Kendimize Lütfedilen Şeyler için, “Bu Benim Hakkım!!!” hatta “Beğenmedim!” Demek
Özellikle biz bayanlar, anneler, öğretmenler, eşlerimiz, çocuklarımız, öğrencilerimiz için, kendimizi feda etmeye çok meyilliyiz.Tabii bu, pek çok babalar, kocalar ve meslekler için de geçerli.
Kendimizi unutup, karşımızdaki insanlar için gece gündüz düşünüp, yardım etmek, onlar için çalışmak, elimizden gelenin fazlasını yapmak için kendimizi paralamamız işten bile değil.
Tabii bu durumun tam tersi de kişinin sadece kendisini düşünüp, kendi ihtiyaçlarını ve kendi mutluluğunu ön plana alması.
Aslında tabii, işin en güzeli bunlar arasında, hoş ve güzel bir dengeyi bulabilmek.
Ancak, gerek evlilikte eşler arasında, gerek çocuklarımızla ilişkilerimizde, gerek arkadaşlar ve iş çevresinde, gerekse öğretmen-öğrenci ilişkilerinde, kendimizi bazen, veren veren veren ve sonra tekrar veren veren veren, pozisyonda bulabiliyoruz.

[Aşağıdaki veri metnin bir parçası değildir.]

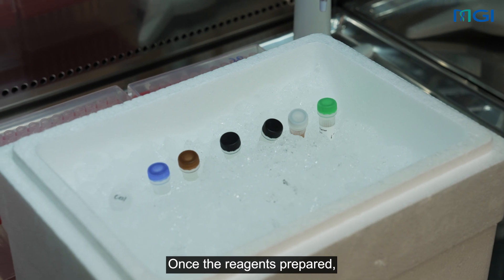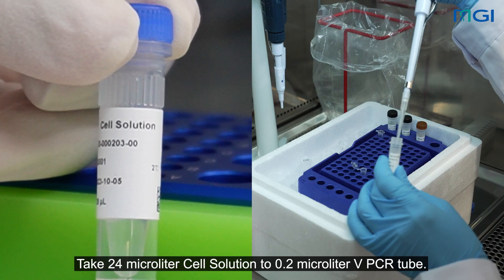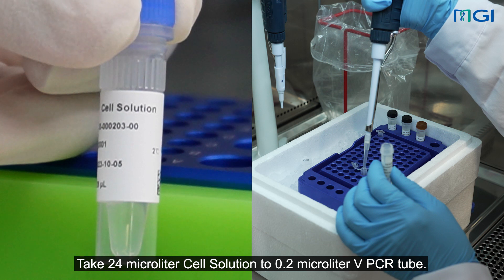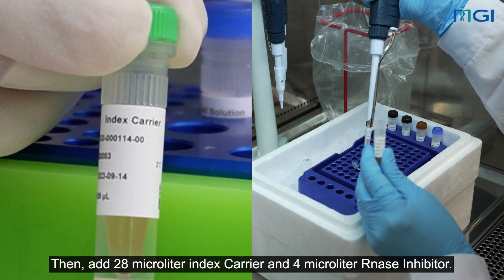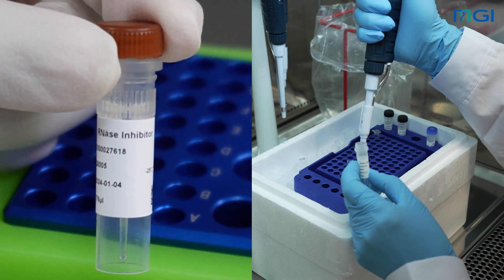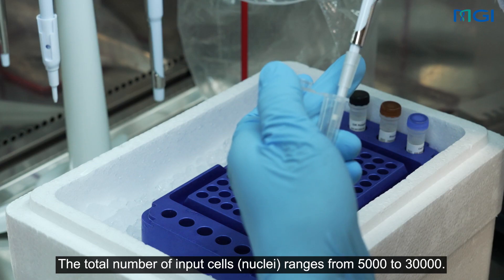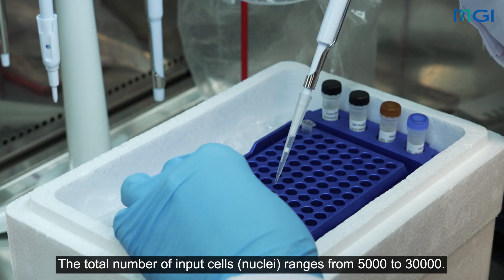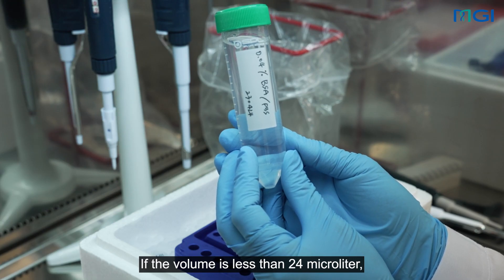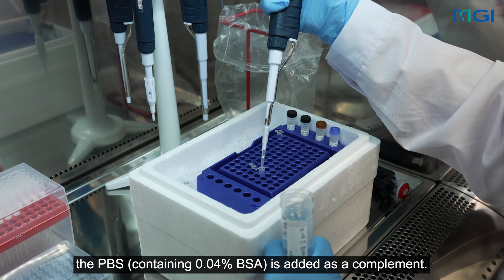Once the reagents are prepared, we can now move forward with the preparation of the cell reaction solution. Take 24 µL cell solution to a 0.2 µL PCR tube. Then, add 28 µL index carrier and 4 µL ribonuclease inhibitor. Add 24 µL of cell suspension. The total number of input cells or nuclei ranges from 5,000 to 30,000. If the volume is less than 24 µL, PBS containing 0.04% BSA is added as a complement.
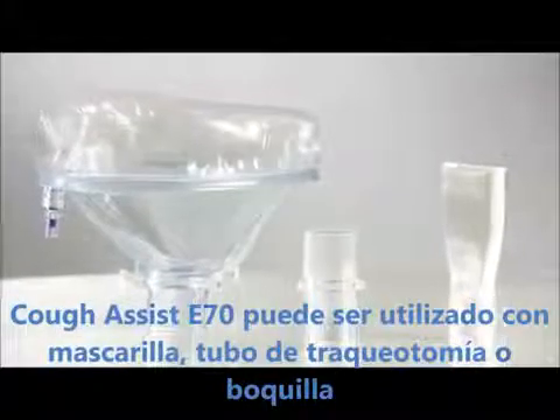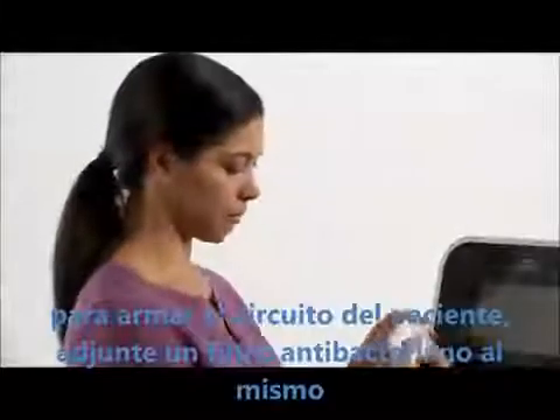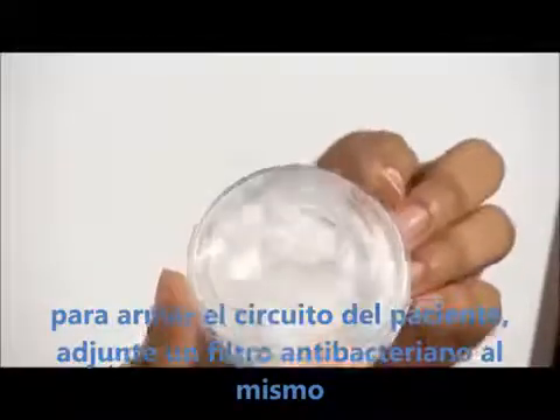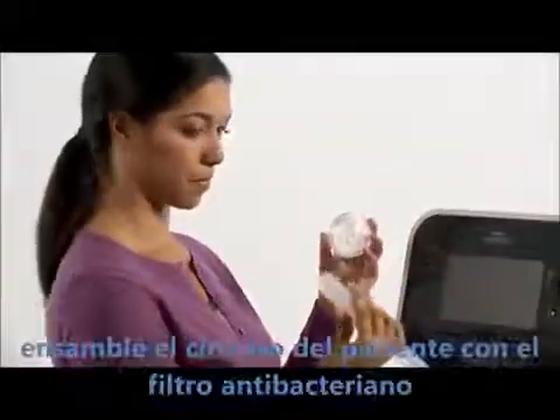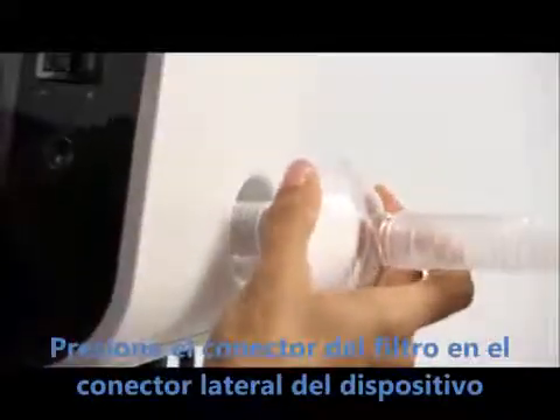CoughAssist T70 can be used with a mask, tracheostomy tube, or mouthpiece. To build the patient breathing circuit, attach a bacteria filter to the breathing circuit connection. Attach the circuit tubing to the bacteria filter, then press the filter onto the connector on the side of the device.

Çekim yasası gereği de hayatımızdaki insanlar, bizim bu aşırı fedakarlıklarımızı sömürmeye başlayabiliyorlar veya yine çekim yasası gereği bu tür insanları hayatımıza çekmeye başlayabiliyoruz.
Hayatımızda, bu tür bir durumun varlığı, özellikle kendini bir rutin ile beraber gösteriyor.
Her gün, bir nevi alışkanlık gibi yapılan bu hareketler, karşı taraftaki kişinin artık bunu, bir nevi “hakkı” olarak görmeye başlaması şeklinde gelişiyor.
Yapılan iyiliklerin, fedakarlıkların artık, tekrar tekrar, tekrar tekrar veren ve fedakarlık yapan kişinin duygu ve düşüncelerine aldırmadan alınması, hatta verileni beğenmeyip, daha da fazlasını talep etmesi en ileri nokta oluyor.
***************************************
Örnek olarak:
Annelerin her sabah çay demleyip kahvaltı hazırlaması,
Eşinin, çocuklarının kıyafetlerini tertemiz hazırlaması.
Evin tertemiz temizlenip, toplanması.
Öğle ve akşam yemeklerinin hazırlanması, kaldırılması.
Evin beyinin her gün kalkıp, işe gitmesi ve evinin geçimi için canla başla çalışması.
Eşinin, çocuklarının, evinin ihtiyaçlarını karşılaması.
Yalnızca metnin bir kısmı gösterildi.